*Given records:*
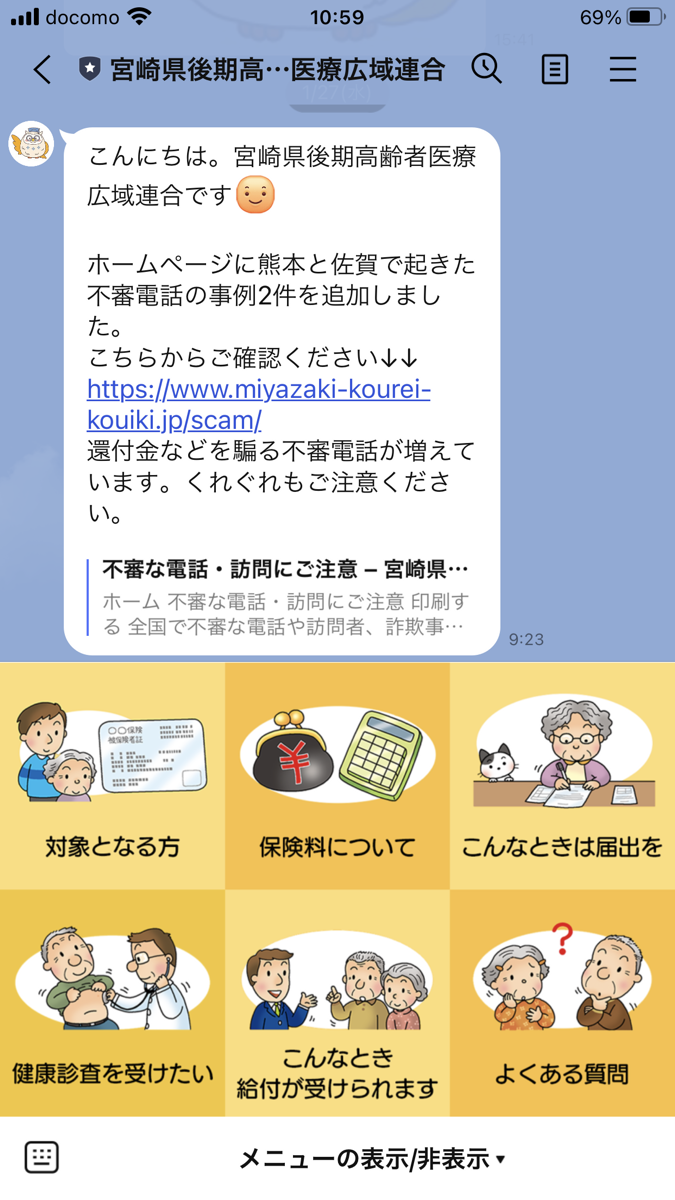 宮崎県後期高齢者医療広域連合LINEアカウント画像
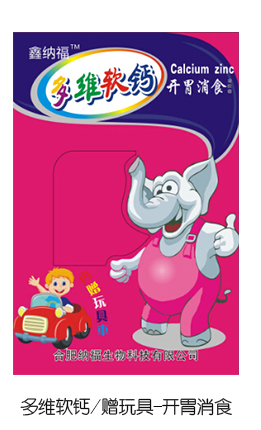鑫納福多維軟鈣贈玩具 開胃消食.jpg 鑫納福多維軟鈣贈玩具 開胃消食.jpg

* * *

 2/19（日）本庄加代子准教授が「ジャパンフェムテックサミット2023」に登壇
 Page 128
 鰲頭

---

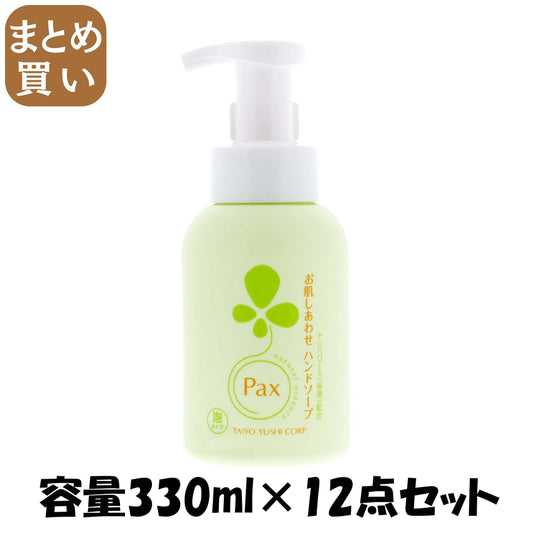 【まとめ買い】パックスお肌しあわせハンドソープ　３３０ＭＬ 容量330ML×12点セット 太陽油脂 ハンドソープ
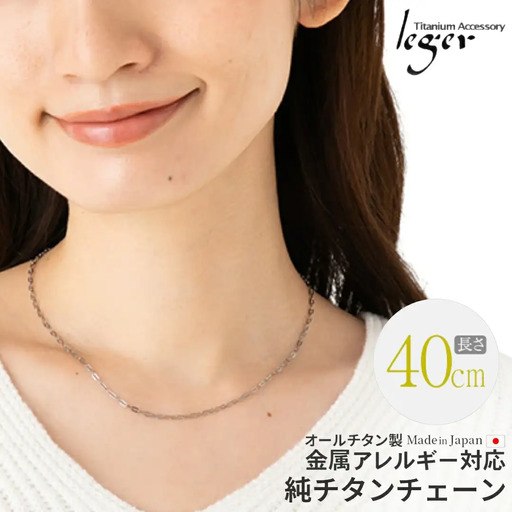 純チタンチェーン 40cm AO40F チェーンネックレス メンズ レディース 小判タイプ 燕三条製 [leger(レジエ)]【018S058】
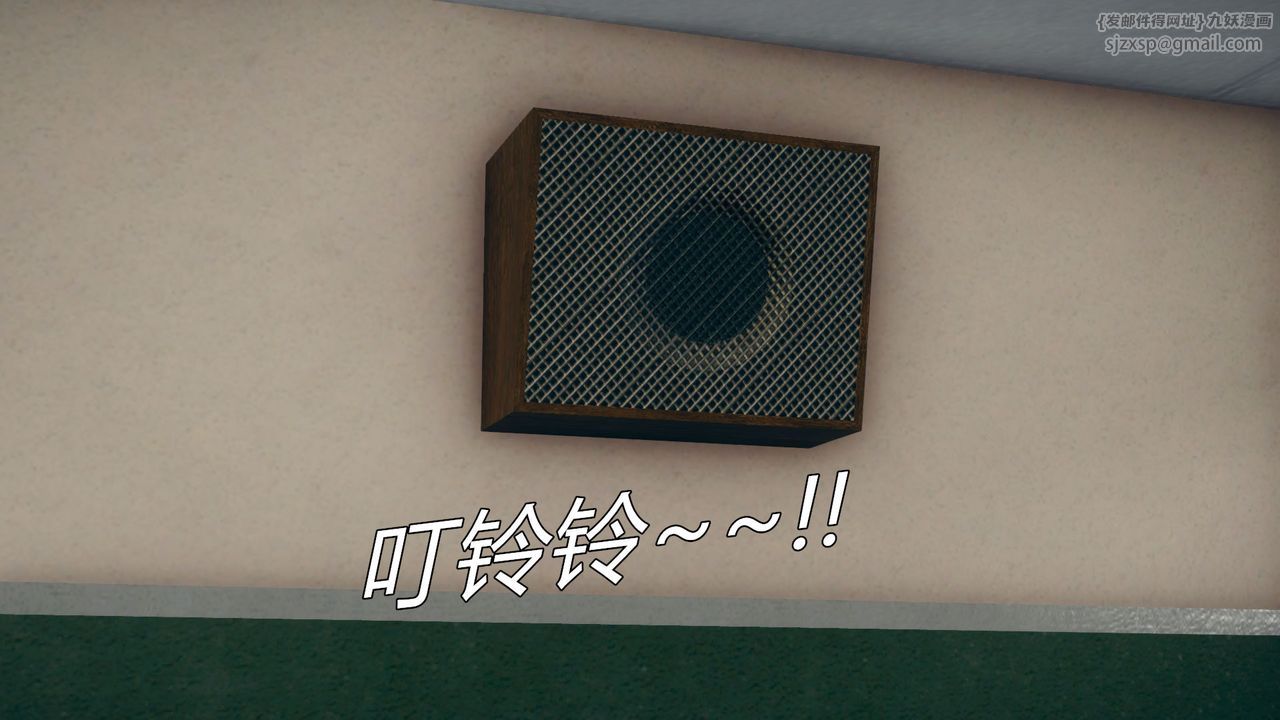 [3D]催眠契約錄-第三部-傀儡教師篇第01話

*Task brief:* Copy out the lines above from the line containing "容量330ML×12点セット 太陽油脂 ハンドソープ" through the line containing "[3D]催眠契約錄-第三部-傀儡教師篇第01話", exactly, and keep the pictures out.

*Written answer:*
 【まとめ買い】パックスお肌しあわせハンドソープ　３３０ＭＬ 容量330ML×12点セット 太陽油脂 ハンドソープ
 純チタンチェーン 40cm AO40F チェーンネックレス メンズ レディース 小判タイプ 燕三条製 [leger(レジエ)]【018S058】
 [3D]催眠契約錄-第三部-傀儡教師篇第01話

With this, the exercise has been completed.